A probe into JPMorgan Chase (NYSE:JPM) conducted earlier this year by the Senate Permanent Subcommittee on Investigations revealed one salient issue: The nation’s largest bank ignored internal controls and manipulated documents as trader Bruno Iksil — now known as the London Whale — racked up a more than $6 billion loss from outsize derivatives trades. His actions were at the center of the bank’s wider losses.
Next, United States prosecutors filed criminal charges against two former JPMorgan traders who allegedly attempted to disguise the bank’s mounting losses: Javier Martin-Artajo, the man in charge of the team that made the so-called whale-sized wagers in corporate-credit investments, and Julien Grout, the man responsible for recording the daily values on the team’s positions.
Both men have been accused of of covering up hundreds of millions of dollars in losses within the bank’s chief investment office by marking positions in a credit derivative portfolio at inflated prices. Iksil has not been charged with any wrongdoing and is cooperating with authorities.
One of the more significant impacts of the government investigation into the trading loss is the damage done to the reputation of JPMorgan and the bank’s CEO, Jamie Dimon, who once dismissed media coverage of the London Whale incident as a “tempest in a teapot.”

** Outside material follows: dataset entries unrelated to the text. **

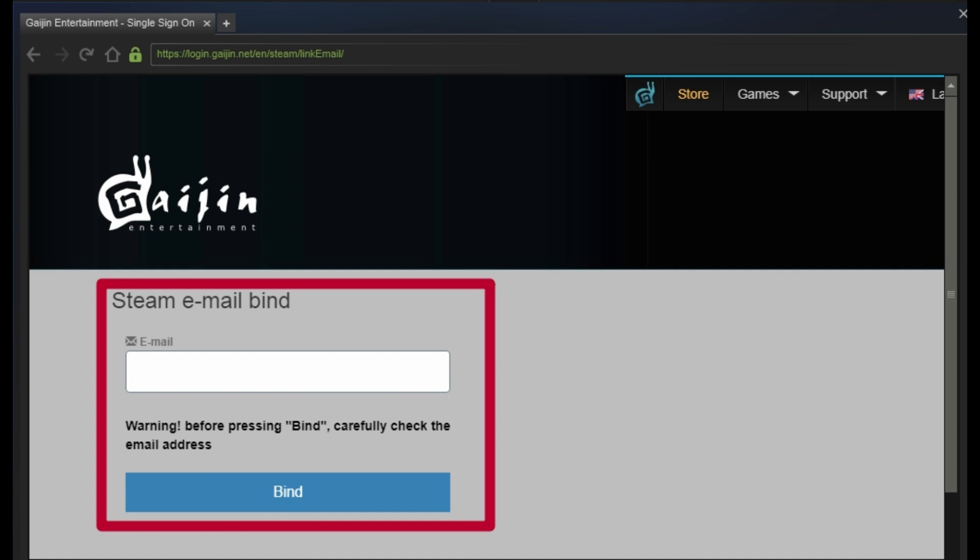However, if you have a Gaijin account that is linked to your War Thunder and then you try to bind it over here, you won't be able to bind it with your Steam. So you will need a new Gaijin account to be linked to your Steam.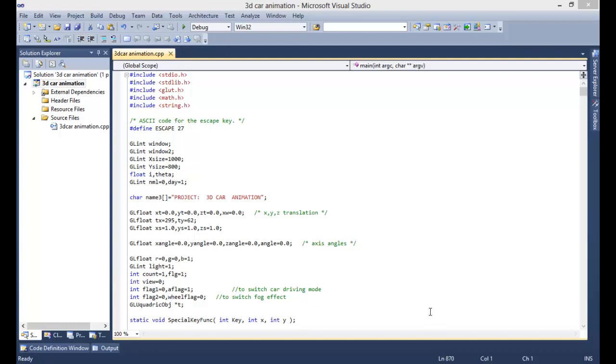Hello, welcome to the OpenGL projects. Today we are going to see another video demo of 3D car animation.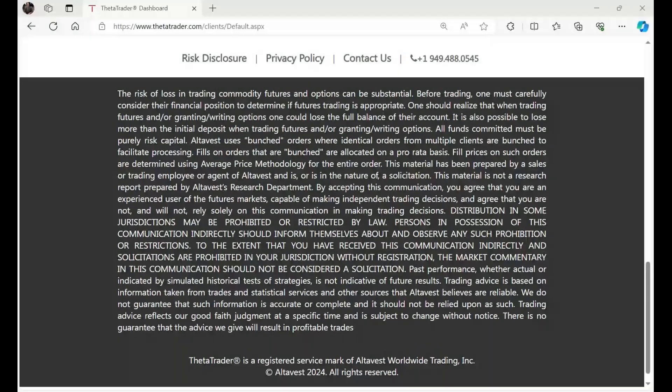Here is something you haven't seen before, and before we jump into it, do take a moment to look at that risk disclosure. We'll leave that up on the screen for a moment, but you might want to pause or take a picture of the screen. Beware that trading involves risk capital and past performance is never a guarantee of future results.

Dimon has long been the most powerful man in the U.S. banking industry, a status that was largely built on the fact that he led JPMorgan through the financial crisis with not a single quarterly loss darkening its balance sheet.
Once known as Washington’s favorite child, the chief executive has seen the relationship crumble as the overseas trading debacle unfolded, as it showed that JPMorgan was no longer the bank that could do no wrong. JPMorgan is also no longer the bank with the most outstanding balance sheet: In the third quarter, the bank swung to a loss because a number of legal and regulatory problems forced it to spend more than $9 billion on litigation-related fees.
The London Whale incident has left the bank under heightened regulatory scrutiny, but it’s not just the institution itself or its top executives that are regulators are trying to rein in. On Friday, Martin-Artajo — who is currently residing in his native Spain — rejected an extradition request from the United States.
Through a source from Spain’s High Court, Reuters learned that after Martin-Artajo turned himself over to the police at the end of August, he told officials that he was opposed to extradition, but judges can still decide to send him to the U.S. to face charges. “He said that in any case, the alleged events took place in the United Kingdom and not in the United States,” the court source said to the news service. Martin-Artajo is the most senior JPMorgan employee to be charged over the trading losses.
As Reuters reports, the fact that Martin-Artajo, whose great-uncle was Francisco Franco’s foreign minister after World War II, had a home and relatives in Spain helped him avoid jail time after he was arrested, as a judge determined he was not a flight risk. After police approached his family, he turned himself over.
The terms of Spain’s extradition treaty with the United States do not oblige the country to hand over its citizens. However, an extradition lawyer told the publication that Martin-Artajo may still be sent to the U.S. because the alleged crimes he committed are also punishable in Spain. The next step in the case will be for a Spanish judge to determine whether to request additional information from the U.S. Then, the case could be transferred to a higher panel of judges who will examine the extradition request.